You’re confusing equal rights analysis with fundamental rights analysis. That’s not uncommon. Even the US Supreme Court occasionally confuses the two, as most of the time the analysis is identical and many of the tests involved are the same. However, here the distinction is important. There is no fundamental right to marry, hence no violation of fundamental rights for denial of marriage to one particular group. (Note that marital relations are a fundamental right, but that’s no longer considered the same thing, really that’s more of a consenting people to live and have sex in any manner they want, note that children and animals cannot so consent, hence that’s illegal.)
However there is a right for like individuals to be treated in a like manner.
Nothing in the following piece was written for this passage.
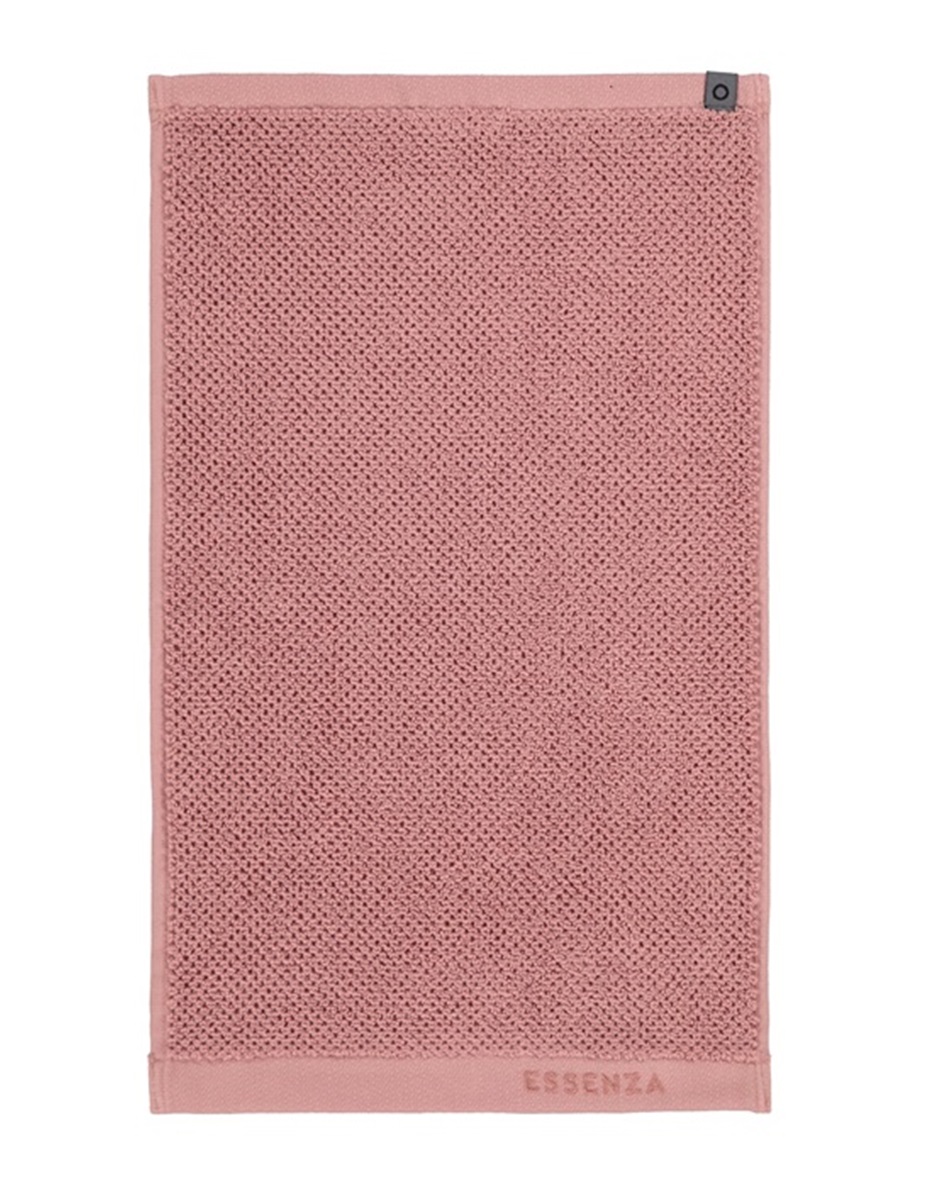 Connect Organic Uni Rose bath linen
Since the government must stay out of people’s bedrooms and reproductive decisions (that is fundamental rights analysis which has been developed through a number of Supreme Court cases over the last century), there is no difference between gay marriages and straight marriages that is relevant to the government. Hence the two are similarly situated and to differentiate them is discrimination. Specifically, it is discrimination of the right to enter into a type of contractual relationship based on the relative genders of the parties, which is illegal.
The fact that it’s been that way for a long time is no argument at all, otherwise we’d never have Brown v. Board of Ed, Loving v. Virginia, or really most of the major decisions in the history of the Supreme Court. The point is that the definition used in the state is impermissible. They may choose not to recognize any marriages at all and leave it entirely up to religions and society at large to recognize, or they can recognize gay and straight partners equally, which is what they are doing.
I haven’t read the case and I have not seen the Iowa constitution, which is required to answer this question.
I can only assume there was something in the Iowa constitution declaring homosexuals to be a potected class. This would have to occur before the caselaw regarding marriage could be used to get to the EP clause to analogize with gay marriage. Those who believe the Loving case is analogous are missing a vital ingredient, which is that the US Constitution has never been amended to create a special class deserving of protection with homosexuals.
The “Equal Protection Clause” and the Fourteenth Amendment applies to Constitutional “laws”, or enumeration of Constitutional rights. Marriage is not Constitutionally defined, and thus not a Constitutional right. The Fourteenth Amendment should have no bearing on how the state decides to interpret “marriage”. The Tenth Amendment is being overlooked here.
I think that is debatable. In the Lovey case the supreme court came to a different decision although in that case the issue was race, it can be argued to apply in the case of same sex marriages.The court clearly stated that marriage is a basic civil right.
As to your other arguments- Currently hetro-adults can not marry children, have multiple marriages and as far as I know the constitution does not cover animals. These are silly arguments and appeal to fear.
Marriage to me is a federal issue because of the many rights linked to marriage federally- immigration, taxes, divorce, inheritance, custody battles etc.. Two consenting adults should be able to marry if they want to. period. My own personal preference is irrelevant and so are those of the majority of Americans. I wish the gay community luck on the upcoming case and support them in their struggle for equality.
The U.S. Supreme Court overturned the convictions in a unanimous decision, dismissing the Commonwealth of Virginia’s argument that a law forbidding both white and black persons from marrying persons of another race, and providing identical penalties to white and black violators, could not be construed as racially discriminatory. The court ruled that Virginia’s anti-miscegenation statute violated both the Due Process Clause and the Equal Protection Clause of the Fourteenth Amendment. In its decision, the court wrote:
“ Marriage is one of the “basic civil rights of man,” fundamental to our very existence and survival…. To deny this fundamental freedom on so unsupportable a basis as the racial classifications embodied in these statutes, classifications so directly subversive of the principle of equality at the heart of the Fourteenth Amendment, is surely to deprive all the State’s citizens of liberty without due process of law.
The Fourteenth Amendment requires that the freedom of choice to marry not be restricted by invidious racial discrimination. Under our Constitution, the freedom to marry, or not marry, a person of another race resides with the individual and cannot be infringed by the State.”
There were plenty of right being denied to homosexuals that were being granted to man & woman marriages.
Marriage benefits? Tax benefits?
I could be wrong. I have limited knowledge on marriage benefits, being homosexual myself.
If you are such a Christian, why do you hate other people who haven’t done anything to you?